The cornerstone of modern visualization in R is a concept called the “Grammar of Graphics”, implemented by the ggplot2 package. Think of it like building with LEGO bricks. Instead of creating a finished plot with one rigid tool, you build your plot in layers:

  • The Dataset (Base Layer): The underlying raw data matrix that you want to plot.
  • Aesthetics (aes): Mapping columns of your data to visual channels like the x-axis, y-axis, color, size, or shape.
  • Geometries (geom): The actual shapes rendered on the page, such as dots (geom_point), bars (geom_bar), or lines (geom_line).
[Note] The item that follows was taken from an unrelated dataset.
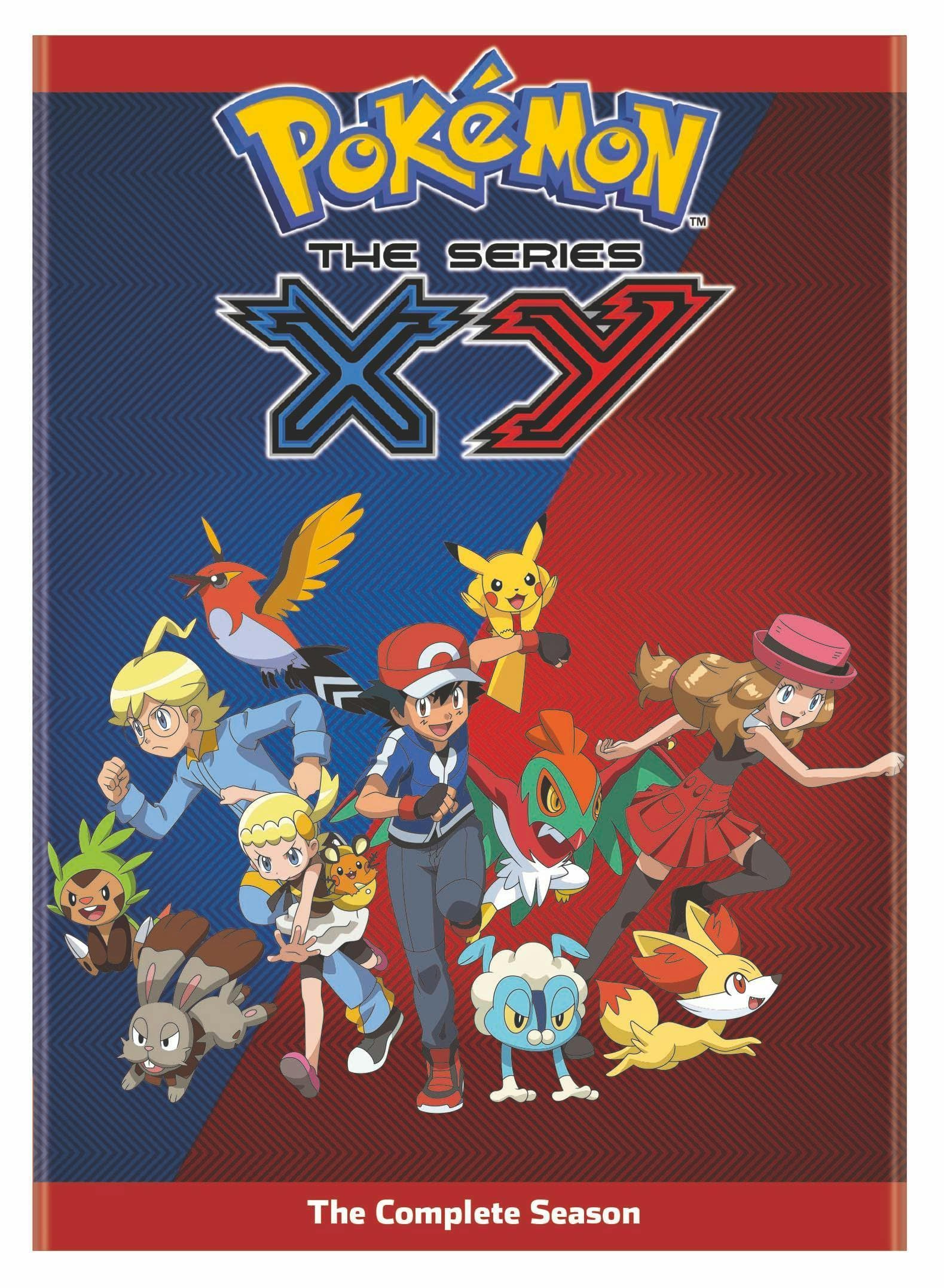 Pokémon: The Series - XY Complete Season (Box Set) poster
Volcano Plots and Heatmaps

  • Volcano Plot: A custom scatter plot where the x-axis shows the magnitude of change (fold-change) and the y-axis shows statistical significance ($-\log_10$ of the p-value). Highly significant genes appear at the top-left (strongly down-regulated) and top-right (strongly up-regulated) corners, resembling an erupting volcano.
  • Heatmap: A grid where columns are samples, rows are genes, and color intensity represents expression levels. It groups similar samples and genes together to reveal hidden patterns.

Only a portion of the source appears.